In China, das ein Sozialkreditsystem wie hier angedacht mit vielen staatlichen und privaten Projekten als Pionier vorangetrieben hat, ist deutlich erkennbar, dass ein solches System, sobald es eine gewisse Wichtigkeit erreicht, immer auch die Zuteilung von Nachteilen oder Strafen für unerwünschtes Verhalten beinhaltet.
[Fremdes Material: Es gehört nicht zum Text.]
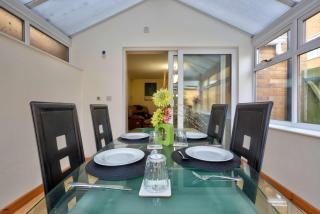 Spacious Home w Garden & Parking - Hampton Hargate - 7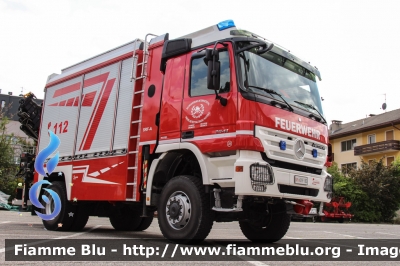 Mercedes-Benz Actros 2041 4x4 II serie
Vigili del Fuoco
Unione Distrettuale Bassa Val Pusteria (BZ)
Bezirksverband Unterpustertal
Veicolo ospitato dal Corpo di Brunico
Allestimento Brandschutz
VF 01F BZ
Parole chiave: Mercedes-Benz Actros_2041_4x4_IIserie VF01FBZ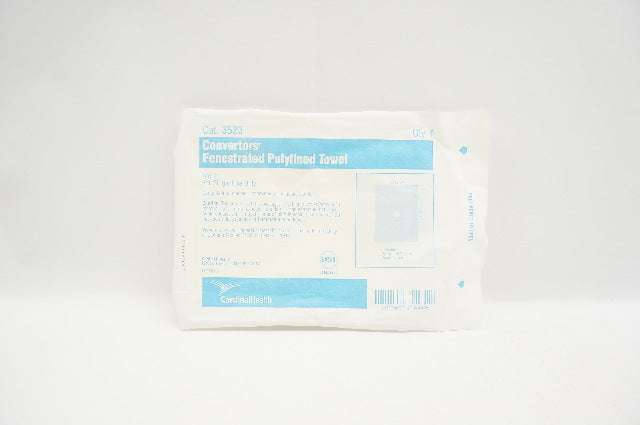 Cardinal Health 3523 Convertors Fenestrated Polylined Towel 18inch x 25.5inch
Wer in den Sozialpunktesystemen der Social-Media-Giganten zu schlecht abschneidet, der hat mit äußerst vielfältigen und schwerwiegenden Nachteilen im täglichen Leben zu kämpfen: Sei es bei der Suche nach einer Wohnung oder nach einem Lebenspartner.
Ein derartiges System ist unvermeidlich anti-individualistisch und gegen eine freiheitliche Gesellschaft gerichtet. Diejenigen, die die Punkte verteilen, bestimmen von oben herab, was tugendhaftes Verhalten ist, und zwingen die Menschen mit sanftem oder nicht so sanftem Druck dazu, fremden Vorlieben und Wertvorstellungen zu folgen. Das geht in China so weit, dass Menschen mit niedrigem Sozialpunktekonto von anderen geschnitten werden, weil sie Punktabzug befürchten, wenn sie mit solchen Leuten befreundet sind oder Kontakt haben.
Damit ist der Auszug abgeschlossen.